抗菌薬などにより症状がなくなったからといって、勝手に治療を中断することは避けるべきです。尿道内に細菌やウイルスが残っており、治療の中断によって症状が再発するケースもあります。細菌やウイルスが再び繁殖しないよう、最後まで医師の指示に従って治療を受けるようにしましょう。
尿道炎の症状がある場合は早めに病院を受診しよう!
今回は尿道炎になる原因や症状、かかったときの注意点などを解説しました。
尿道炎の原因としては、淋菌やクラミジア、マイコプラズマなどが挙げられます。主に性行為によって感染するケースが多いため、コンドームを使用するなどの感染対策を講じることが重要です。また、尿道炎が疑われるときは早めに受診して、検査を受けましょう。

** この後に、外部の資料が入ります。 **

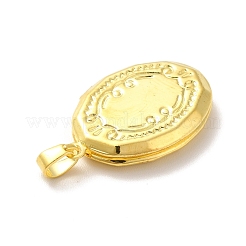 Rack Plating Brass Locket Pendants&nbsp;KK-I688-06G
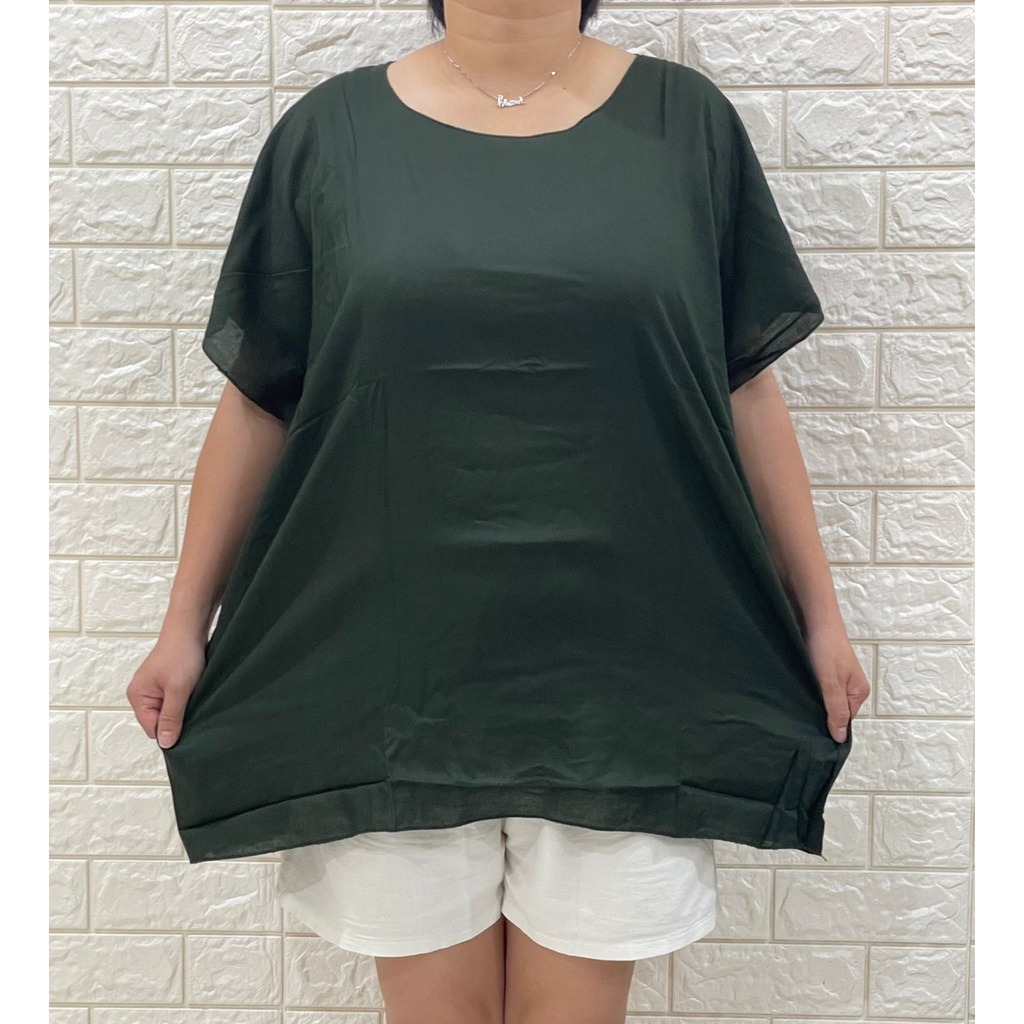 Baju Bali Polos Super Jumbo XXXXL Rayon Premium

身体の免疫力を高めることも尿道炎を防止する方法の一つです。免疫力が高い状態を維持できれば、仮に細菌が侵入しても症状が重くなるのを防止できます。日頃からバランスのよい食事を摂ったり、しっかりとした睡眠時間を確保したりして、尿道炎を防止しましょう。
また、免疫力が下がると発症しやすくなってしまうため身体の免疫力を高めて尿道炎を防止しましょう!